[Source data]
---------------
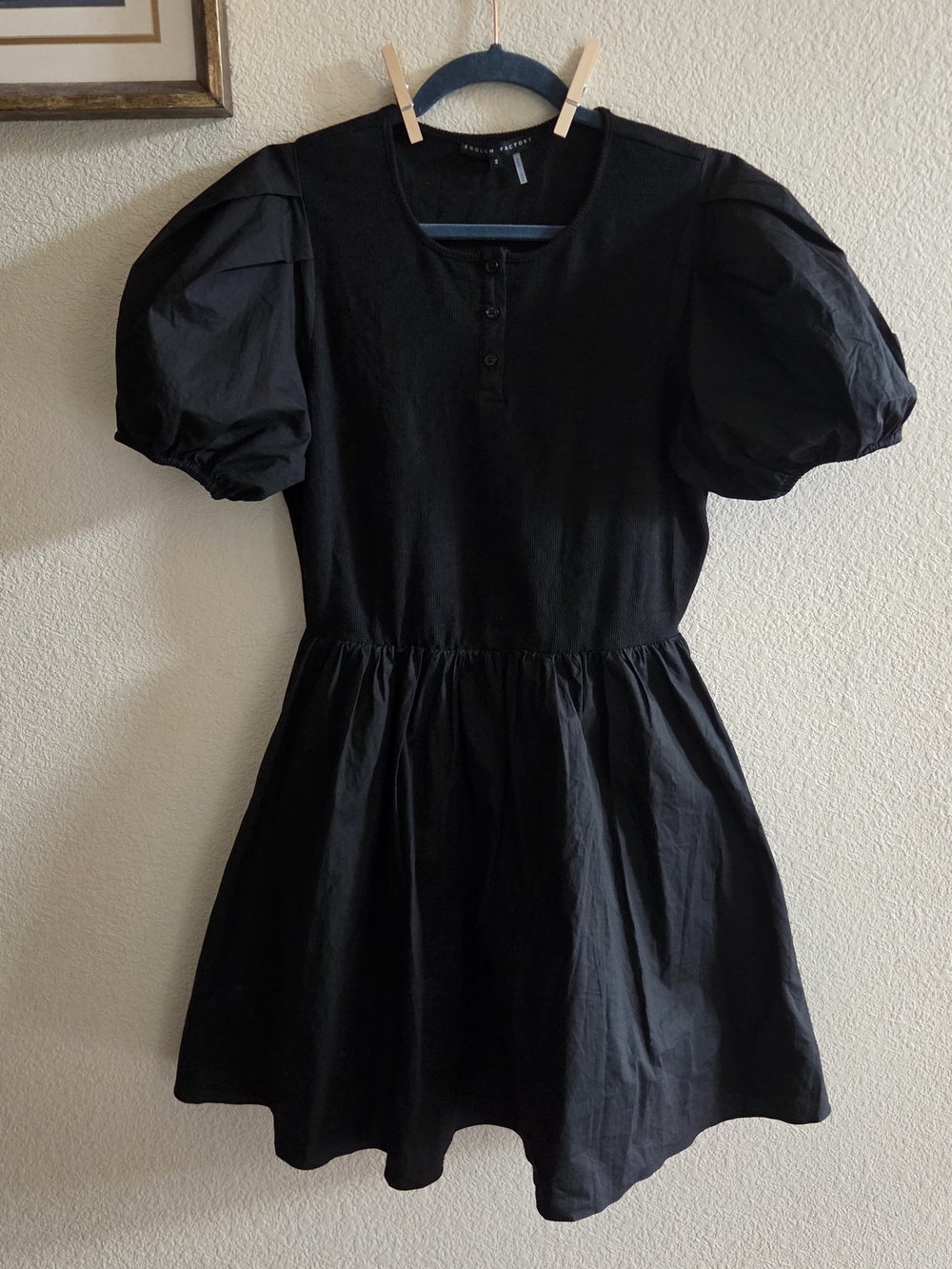 English Factory Black Puff Sleeve Henley Mini Dress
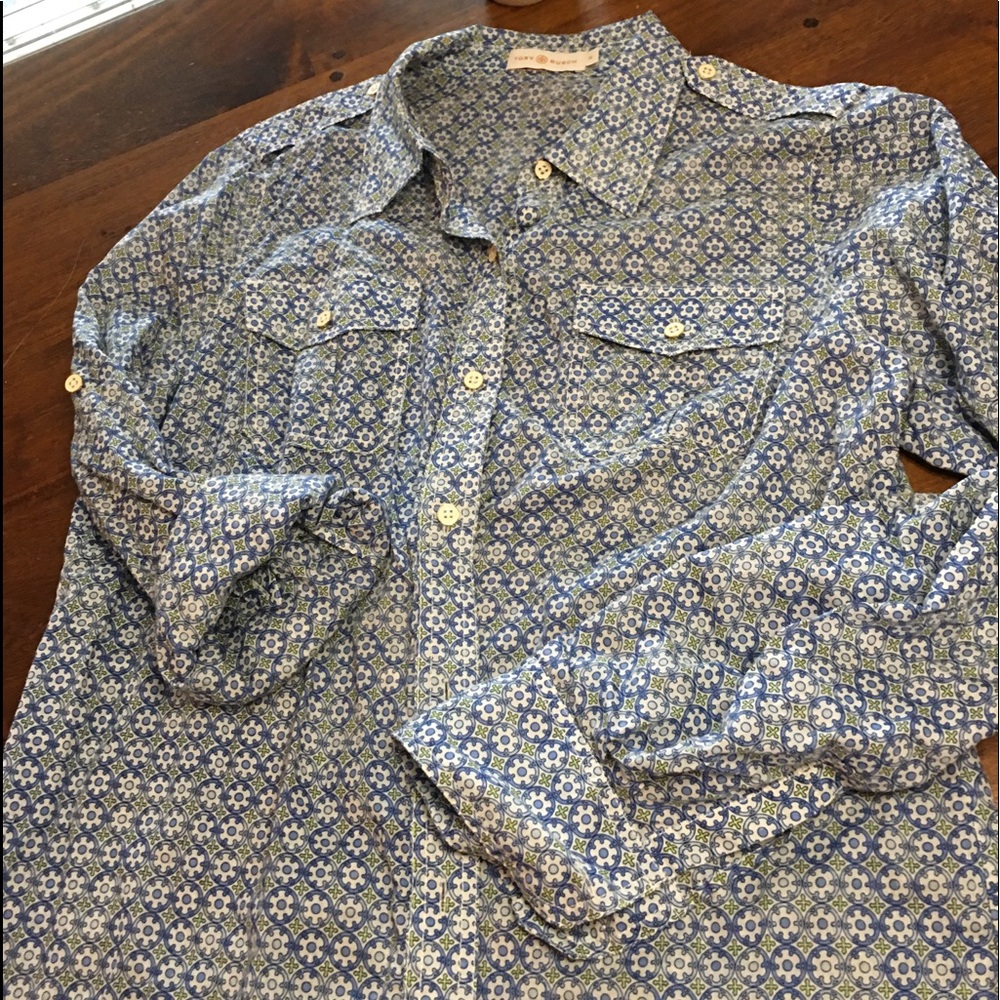 Tory Burch Daisy Pattern 100% Cotton Button Down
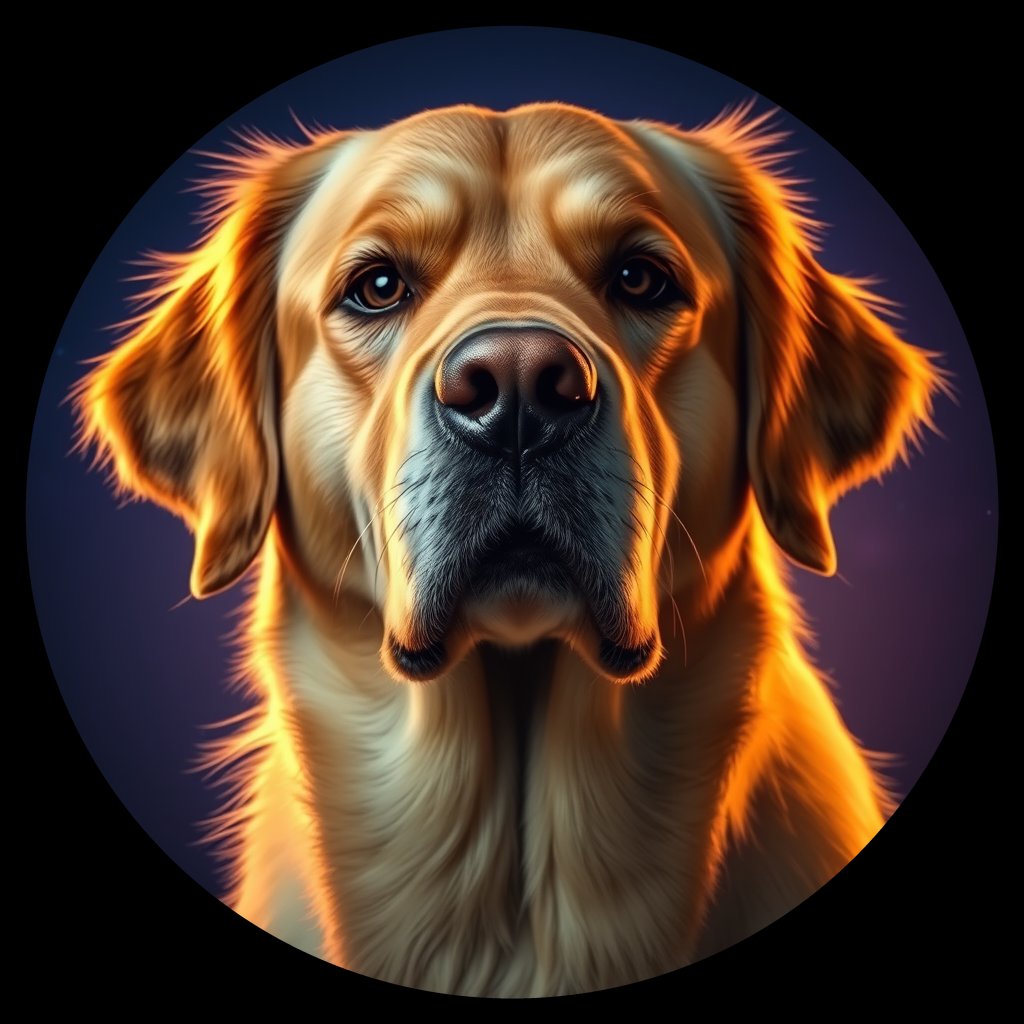 Cosmic medallion portrait of PFZ27B01_PFZ27B01, a Golden Retriever
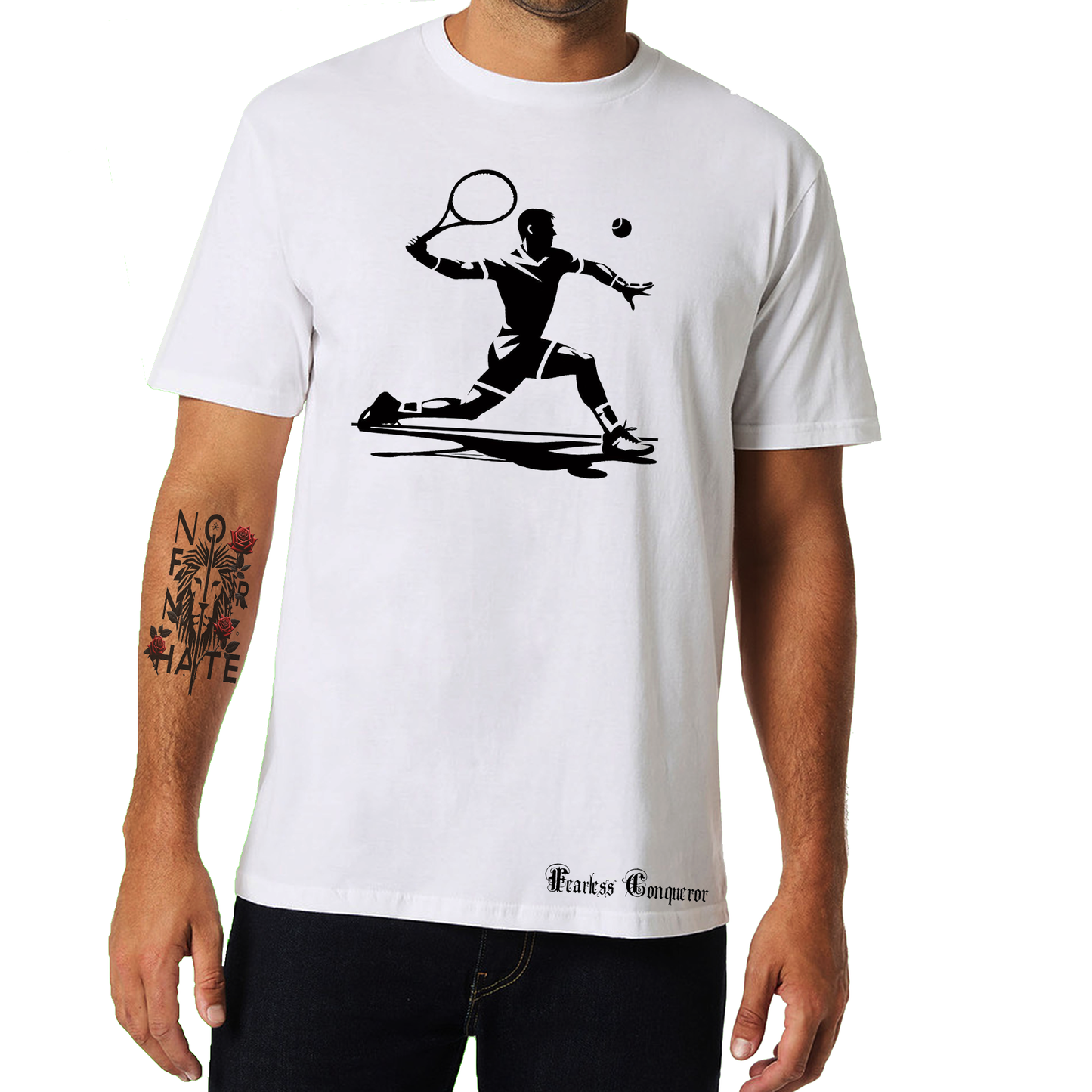 Fear the Forehand Tennis Tshirt in White Colour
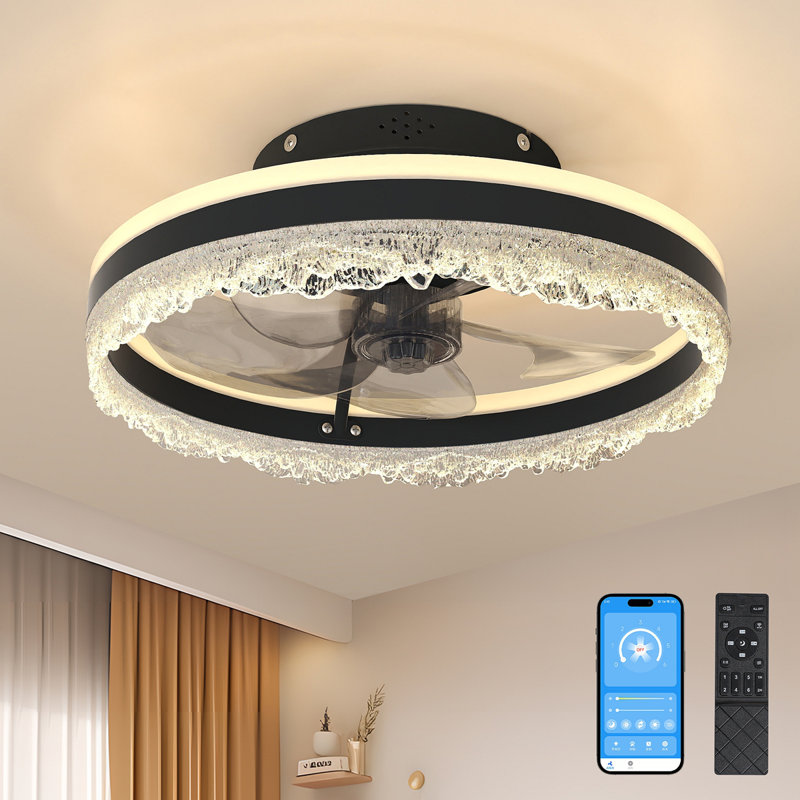 16" Quiet Ceiling Fan With Light – LED Crystal Flush Mount Fan Lamp With Hidden Blades And Natural Airflow, Perfect For Bedroom, Kids Room, Study Room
---------------
Problem requirements: Print only the lines from the one with "Tory Burch Daisy" through the last line of the data above, exactly and with both ends, and please omit any pictures.

Reply to the task:
 Tory Burch Daisy Pattern 100% Cotton Button Down
 Cosmic medallion portrait of PFZ27B01_PFZ27B01, a Golden Retriever
 Fear the Forehand Tennis Tshirt in White Colour
 16" Quiet Ceiling Fan With Light – LED Crystal Flush Mount Fan Lamp With Hidden Blades And Natural Airflow, Perfect For Bedroom, Kids Room, Study Room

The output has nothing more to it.